■ Data to use:

————

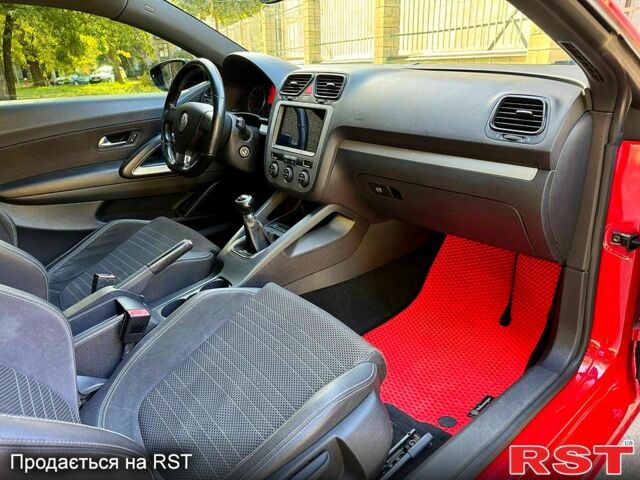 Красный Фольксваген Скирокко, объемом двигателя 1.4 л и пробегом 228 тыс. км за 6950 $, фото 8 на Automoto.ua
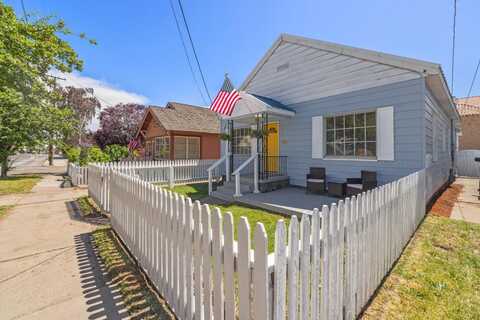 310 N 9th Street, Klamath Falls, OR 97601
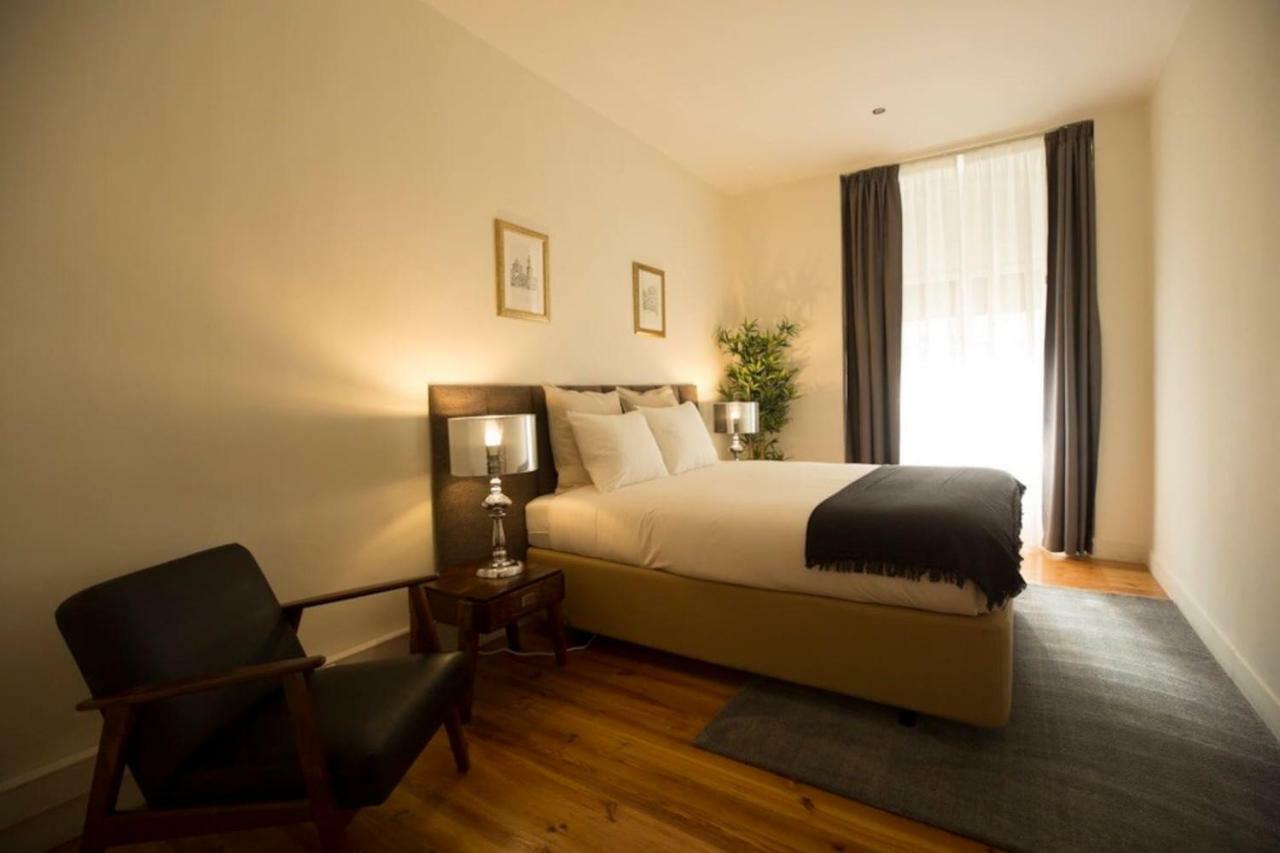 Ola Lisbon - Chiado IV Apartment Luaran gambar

————

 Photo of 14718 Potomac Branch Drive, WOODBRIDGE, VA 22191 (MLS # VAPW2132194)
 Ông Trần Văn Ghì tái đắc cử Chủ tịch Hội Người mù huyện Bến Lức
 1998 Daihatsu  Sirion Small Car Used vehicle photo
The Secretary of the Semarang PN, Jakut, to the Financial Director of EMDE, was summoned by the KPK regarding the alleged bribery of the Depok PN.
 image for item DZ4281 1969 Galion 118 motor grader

————

■ Required action:
Reproduce the entries above exactly, but only the lines between the line holding "The Secretary of" and the line holding "image for item", inclusive.

■ Exercise output:
The Secretary of the Semarang PN, Jakut, to the Financial Director of EMDE, was summoned by the KPK regarding the alleged bribery of the Depok PN.
 image for item DZ4281 1969 Galion 118 motor grader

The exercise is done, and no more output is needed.